# GSP versus Hughes for interim title.



## cohenp (Nov 25, 2007)

Big news in the UFC. 

Matt Serra pulls out of his fighter with Matt Hughes due to a herniated disc in his back.
http://www.ufc.com/index.cfm?fa=news.detail&gid=8808

So who do they get to fight instead. Good old GSP of course. In a rubber match with Matt Hughes for the interim title until Serra is healed to fight again. 
http://www.ufc.com/index.cfm?fa=news.detail&gid=8811

I am definately super excited for a Hughes GSP rubber match and Chuck Liddel versus Wanderlei Silva on the same card. Should be unreal.


----------



## terryl965 (Nov 25, 2007)

This should be a great match


----------



## 14 Kempo (Nov 25, 2007)

Good, I may have not seen the Liddel/Silva fight had they not made the Hughes/St Pierre deal. Ought to be a good night.


----------



## Brian R. VanCise (Nov 25, 2007)

Good at least they found a good match since Serra pulled out!


----------



## Jai (Nov 25, 2007)

Anyone have the feeling that GSP is going to walk all over poor Matt again?


----------



## cohenp (Nov 25, 2007)

I'm not sure that he will dominate. I guess it depends on how hard he has been training while he didn't have a fight signed. He jumped in with realisticly about three weeks of hard training. And we know Hughes was gunning hard for this fight. I think GSP will show up with a good game plan, I'm just curious if he'll be in really good shape. You know Hughes is coming into this fight in amazing shape, especially because it's a five rounder. I love GSP but I wonder if he'll be in good enough shape for a real war.


----------



## Jai (Nov 25, 2007)

I didn't even consider the short time GSP has to work with. Maybe it will be a better fight then I first thought. As long as it doesn't turn into a Ortiz/Shamrock fight that only lasts 2 minutes I'll be happy.


----------



## Odin (Nov 26, 2007)

Im a bit concerned with why Matt would take this fight with such short notice.
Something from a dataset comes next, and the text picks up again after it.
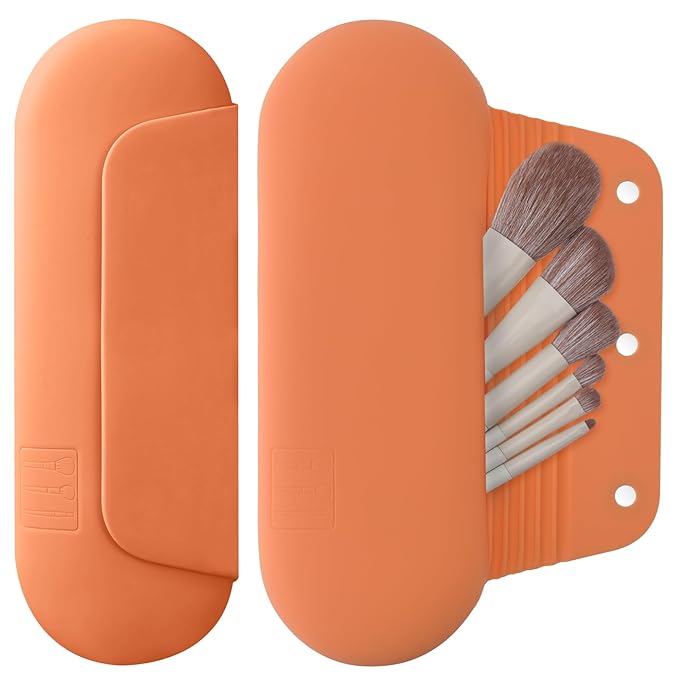 Silicone Makeup Brush Holder Travel Cosmetic Bag：Soft Portable Cosmetic Face Brushes Holder with Upgrade Anti-Fall Out Magnetic Closure, Large Travel Makeup Brush Case - Orange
Serra and GSP are two completely different fighters, both of which you would train very different to beat them.


----------



## Brian R. VanCise (Nov 26, 2007)

Odin said:


> Im a bit concerned with why Matt would take this fight with such short notice.
> 
> Serra and GSP are two completely different fighters, both of which you would train very different to beat them.


 
This is a dangerous fight for Matt but I am sure he was given little lee way whether he could take it or not.


----------



## cohenp (Nov 26, 2007)

Ya but Hughes has done gameplan for GSP twice before already. Technique wise I think he can get into a gameplan for GSP easier than GSP can get in shape for a 25 minute war. This is going to be a test for St. Pierre I think.


----------



## Odin (Nov 27, 2007)

cohenp said:


> Ya but Hughes has done gameplan for GSP twice before already. Technique wise I think he can get into a gameplan for GSP easier than GSP can get in shape for a 25 minute war. This is going to be a test for St. Pierre I think.


 
lol I think Matt got that second game plan a little wrong. ( : 

Im not so sure, its common knowledge that Matt Hughes stand up is not up to the level of GSP, and he doesnt really have that much time to improve it before the fight.


----------



## crushing (Nov 27, 2007)

I was hoping to see Hughes pound Serra into the ground.  Not that I'm a huge fan of Hughes, but Serra is really annoying on this season's TUF.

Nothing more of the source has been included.